Zeke leaned forward in the saddle, as if to better see the past.
“But one morning while Guy was in the water putting stink on the traps, a grizzly about the size of a freight wagon came out of the mist. It was on me before I could swing my rifle, and it knocked me to the ground and got my head in its mouth. It ripped the scalp off the back of my head like it was peeling an orange. But before it had a chance to bite my head clean off, Guy was out of the water and finally to his rifle, and he put a ball down its throat. He said he missed, because he was aiming between my eyes, to put me out of my misery.”
“How did you survive?” McCarty asked.
“Too mean to die,” Zeke said. “The filthy Frenchman nursed me for a month, before leaving me with a woman at a Flathead village. Don't remember much of the first couple of weeks, because of the fever.”
“Does it hurt?” I asked.
“Can't feel anything,” he said.
“Then why do you need the power doctor?” I asked.

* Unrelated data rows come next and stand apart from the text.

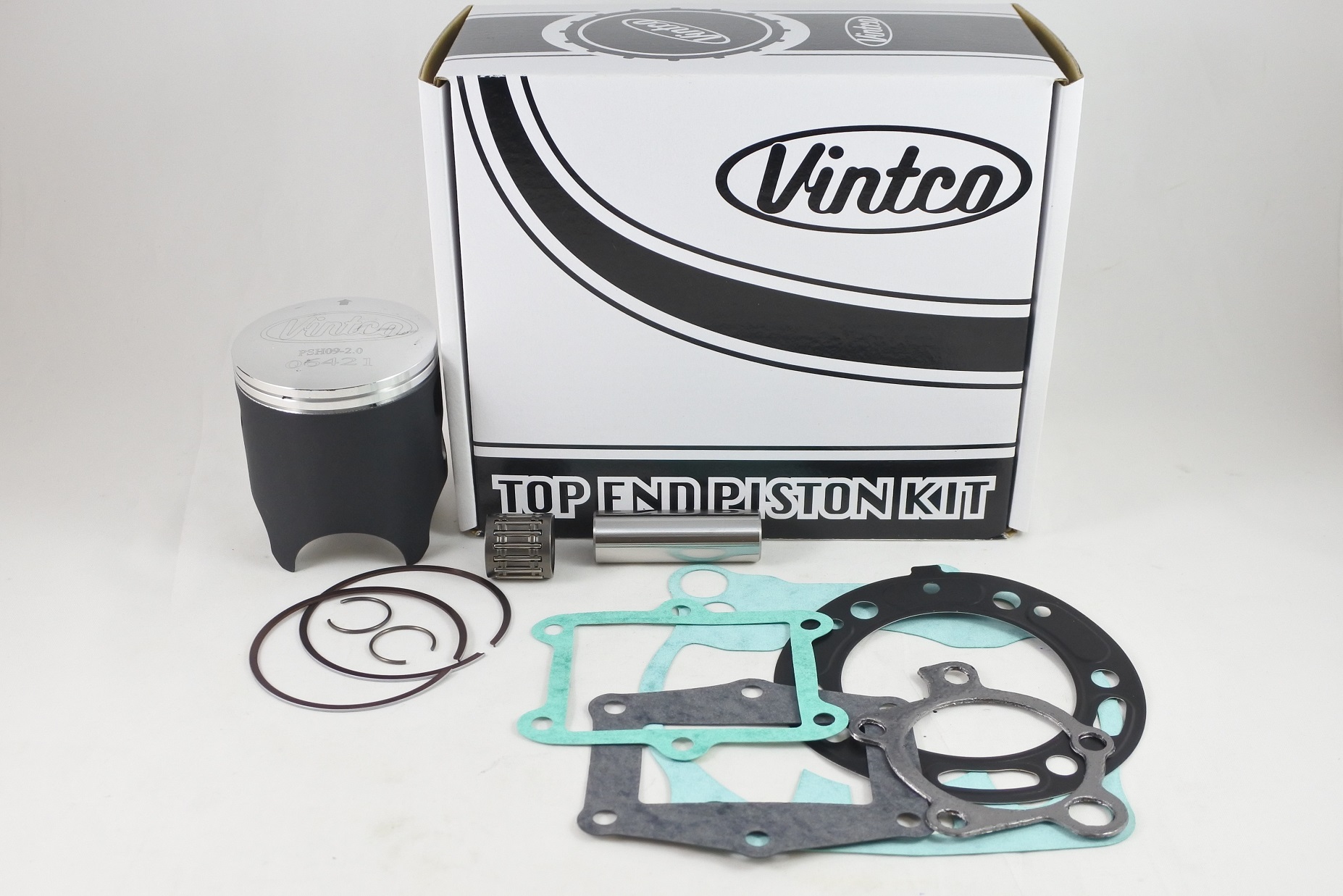TOP END PISTON KIT 85-85 HONDA CR 250 68.0mm 2.0mm OVER VINTCO KTH25-2.0 thumbnail 2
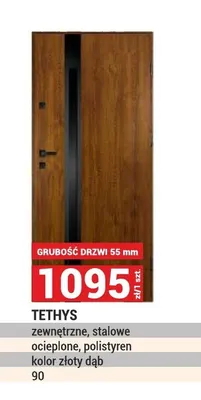 Drzwi zewnętrzne stalowe Tethys promocja w Merkury Market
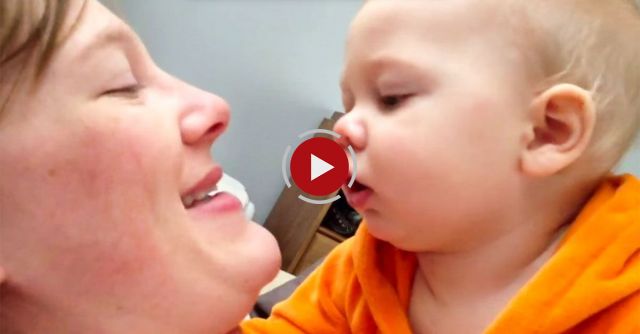 Baby Kissing His Mom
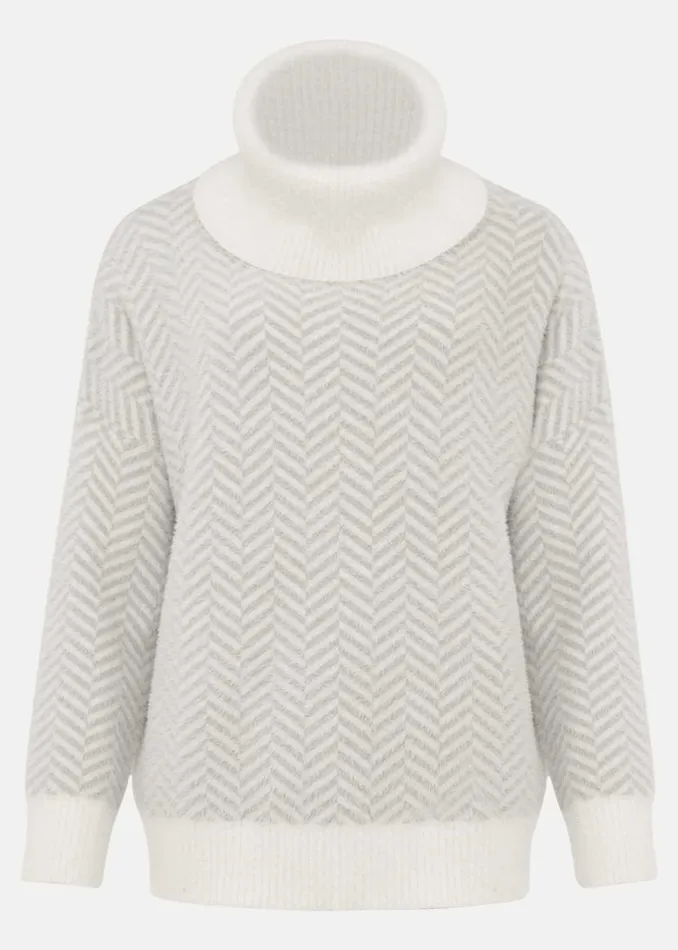 Phase Eight Knitwear Jess Chevron Jacquard Chunky Jumper Pale Grey 8211 Women Phase Eight Knitwear Jess Chevron Jacquard Chunky Jumper Pale Grey 8211 Women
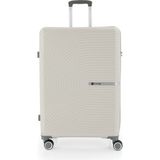 Mçs Polipropilen Valiz V374 75 cm - Beyaz - Gri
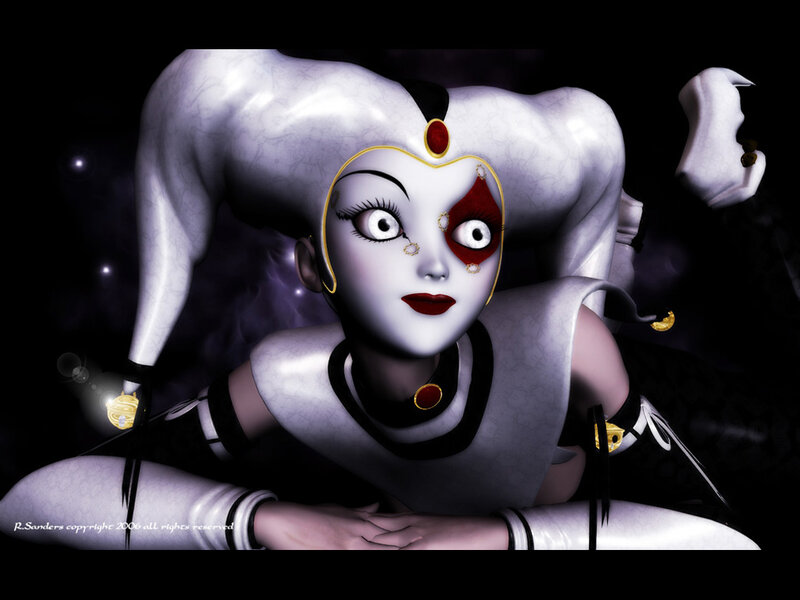 Jester Character in White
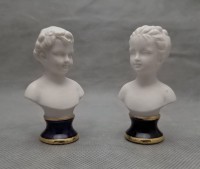 Каподимонте бюстики фигурки винтажные пара (B065)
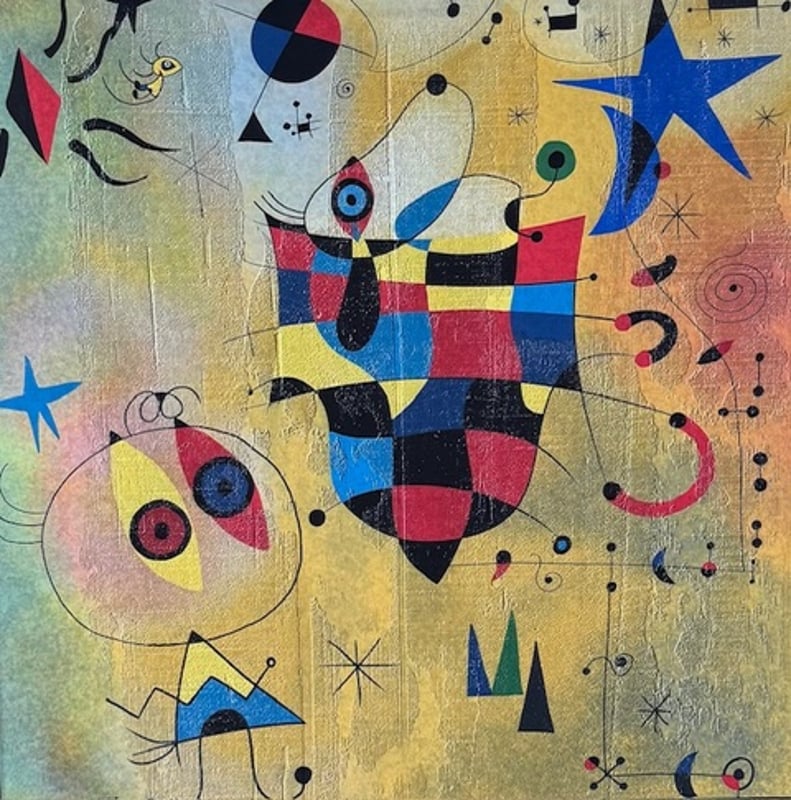 ICONIC PAINTERS - Miró — Peppone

“Because it ain't clean,” he said.
“Looks downright shiny to me,” I said.
“Oh, no, there's dirt and sweat and whatnot,” Zeke said. “I can't feel it, but I know it's there, and it's driving me mad. I can't scrub up there, because I can't see it, not even in a mirror, because my eyes don't swivel that way. Even if I could get an angle on it, I'm afraid I would peel away the edges of the skin I have left. So I need the power doctor to clean it, and put some ooze on it, and say a few words over me.”
“So you're really talking about spiritual dirt,” I said.
“When I meet Him that made me, I want to be presentable,” he said. “I was presentable once, up in the mountains when both me and the world was new, but this plains living down here in the dirt has made me old and filthy.”
“Looks like there are spots where the bear's teeth pierced the skull,” McCarty said. “That may have been what saved you, because those holes relieved the pressure. Otherwise, you'd have died from the swelling of your brain a few days after. Can I touch it?”
“Usually it's kids that want to do that.”
“But I'm a doctor.”
“That's what you say.”
“He's all right,” I said. “His hands are clean.”
“All right,” Zeke said, and he leaned down.
McCarty ran his hand over the skull.
“Remarkable,” McCarty said. “Thank you for obliging me.”
Zeke put his hat back on.
“Wish I hadn't let my niece and that fool of a husband of hers talk me into settling down on a farm, because it's no country for me,” he said. “The air is too damn thick in summer. In the winters, the snow is too damn wet. The farmhouse is too stuffy and I can't see the stars at night and nobody has any use for this child of thunder. I wish I could have spent my last days in the mountains, where I could have seen God's own light and heard His trumpet while the fools that toil on the plains were still in darkness.”
“Zeke,” Calder said, “it's not the end of the world.”
“He's right,” McCarty said.
“But the signs,” Zeke said.
“Natural phenomenon,” he said. “Auroras.”
“I've seen the northern lights,” Zeke said. “This weren't them.”
“No,” McCarty said, “but something similar.”
“A rift, we think,” I said. “In the luminiferous aether.”
“Go back to your family,” Calder said.
Zeke grimaced, and put a hand to the side of his head.